Mickey Joseph said he’s never been a multi-touchdown underdog in a football game. Not as a coach, certainly not as a player. Absolutely not.
That spread, which now deems Nebraska a 29-point underdog going into Ann Arbor on Saturday, means the betting world sees Michigan as four touchdowns better than Nebraska. That’s how the interim head coach saw it on Tuesday at the podium.
“But you still got to kick the ball off,” Joseph said. “You’ve got to play at the top level. You’ve got to play 60 minutes and we’re not going to back down. These kids won’t do that. These coaches won’t do that.”
No. 3 Michigan hosts the 2:30 p.m. kickoff with an unblemished record. The Wolverines find out where exactly they are in the latest College Football Playoff rankings Tuesday night but would lock a second consecutive playoff berth if the season ended today. Michigan made the playoff last year when Nebraska’s upset bid fell 7 points shy, like so many others, in Lincoln last year. Those from that team, like tight end Travis Vokolek, said last year’s meeting wasn’t some fluke or odd circumstance. The Huskers could once again make a run at mighty Michigan if they stayed focused.
“It’s just executing and finishing games,” Vokolek said. “If we execute on offense I like our chances this weekend.”

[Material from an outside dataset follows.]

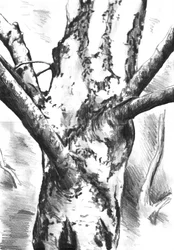 Tronco de árbol con textura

Nebraska’s offensive execution might look different this week than weeks prior. Joseph and the players who spoke on Tuesday knew the physical nature of the Big Ten and how their upcoming opponent epitomized that physicality. That means lining strength on strength. Offensive lineman Ethan Piper said it starts with visualizing “you’ll kick some butt,” and believing they can move their opponent off the line. “It will be a dog fight up front,” he said.
Joseph revisited comments he made following the loss to Oklahoma in September. He regretted not slowing the game down earlier. He wants to see run-based, physical strategy going into a monument of Big Ten football.

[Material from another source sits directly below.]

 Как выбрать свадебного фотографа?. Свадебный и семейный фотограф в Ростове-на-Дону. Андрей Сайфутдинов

“We’ve got to play Big Ten football, eventually we’ll get to that,” Joseph said. “You’ve got to try to play Big Ten football and slow it down.
“You’ve got to be happy with 3 or 4 yard runs.”
Joseph communicated that message among the coaches. He said how the message was received stayed between himself and offensive coordinator Mark Whipple.
Piper felt this made his job, and the entire offensive line’s, became more important with that decision. While the offense stuck to its gameplan throughout consistent 3-and-outs against Minnesota and Illinois, he feels they have to prove they can stick with the run.
“We have to give Mickey the confidence that we can get 4 yards a carry,” the sophomore from Norfolk Catholic said. “That starts with practice and we’ve just got to be more physical and impose our will on the opponent.”
That mentality, the sheer physicality that Joseph wanted the team to embrace in the bye week ahead of the Indiana win, carries over to defense. The Huskers held Minnesota scoreless in the first half with minimal yards last week. A similar result isn’t likely this Saturday but the effort can be.
Sophomore Marques Buford is listed at 5-feet-11, 190 pounds. He said “it is what it is,” in terms of the physicality. His job is to get the ball carrier down, even if they more likely than not have a 25-pound advantage. Michigan’s Blake Corum is no exception. He’s a Heisman contender with three games left in the season. Michigan head coach Jim Harbaugh on Monday called him the best back he’s ever coached. Harbaugh couldn’t think of a comparison other than Frank Gore.
“But everybody has to put their helmet on the same, everybody puts their shoulder pads on the same, everybody has to pull their pads up the same,” Buford said on Tuesday. “At the end of the day we’re going in there to beat Michigan, we’re not going in there to beat just Blake or just the quarterback or one person on the team. We’re going in there to win the game, entirely.”